Financially material considerations


From October this year, trustees of occupational schemes will be required to amend their statement of investment principles (SIP). Amongst other requirements, the revised SIP must state trustees' policies on taking financially material considerations and non-financially matters into account when making investment decisions and on stewardship. 

In the first of our two-part blog on the new statutory requirements, we focus on the requirement for trustees to formulate a policy on taking financially material considerations into account. 

What are "financially material considerations"? 

The regulations provide that "financially material considerations" includes environmental, social and governance (ESG) considerations which the trustees of the trust scheme consider financially material, though the definition is not limited to such factors so would include any factor having a material impact on a company's financial performance. 

Examples of ESG considerations which are capable of being financially material include environmental practices that could result in a company being penalised by future regulation or litigation, unlawful or immoral practices which could ruin a company's reputation and business, or poor governance practices which may prevent problems within the company from being managed properly as they arise.

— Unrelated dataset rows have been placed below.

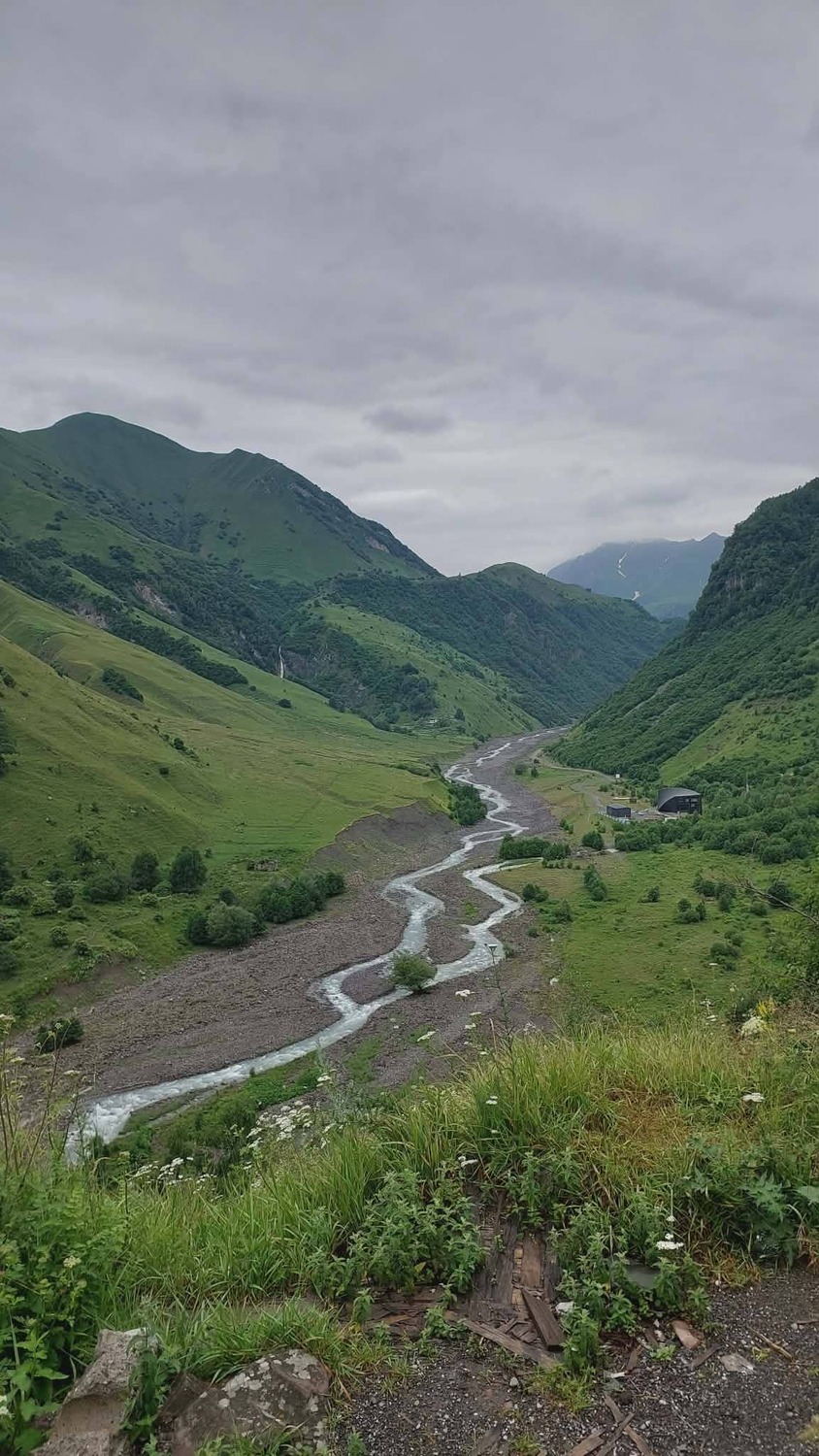 scenic green landscape of Truso valley with winding river and mountains by zuratour.com
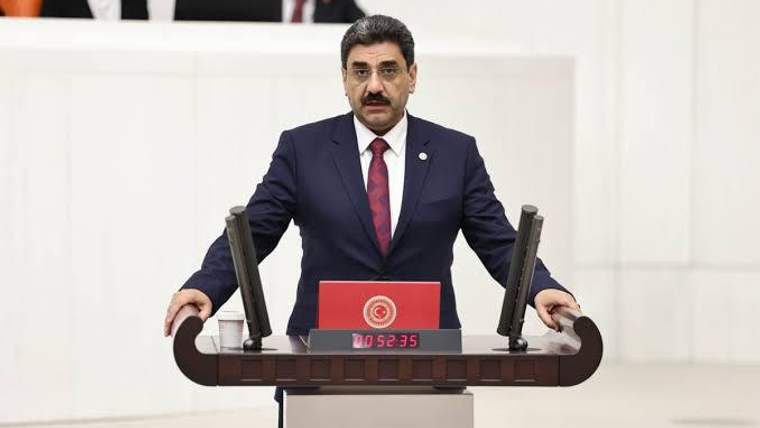 Kürsüde konuşan bir kişi, arka planda milletvekilleri yer alıyor.
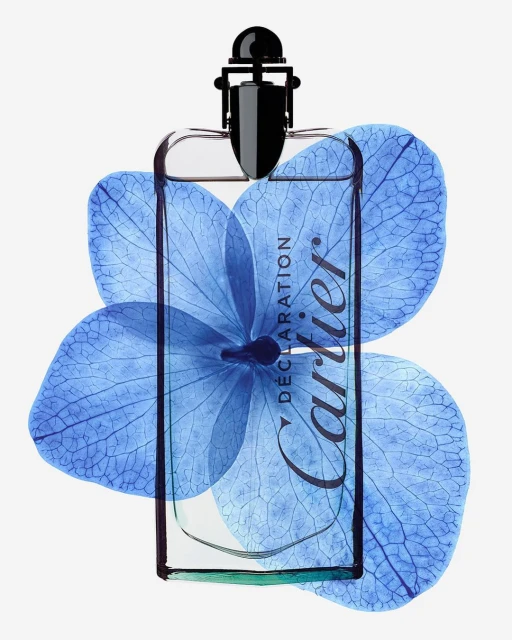 Elegant product shot of Cartier Declaration fragrance bottle with geometric cap, partially obscured by a blue hydrangea bloom on white.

The regulations make specific reference to climate change. 

The regulations state that financially material considerations are to be considered over the appropriate time horizon, meaning the length of time that is needed for the funding of future benefits by the scheme investments. A scheme that is planning to buy out benefits in the near future can take a more short-term approach to investment than a scheme that is open to active members and therefore has a long-term investment horizon. In practice, the funding level of the scheme should also be considered. 

What is the law on taking into account financially material considerations?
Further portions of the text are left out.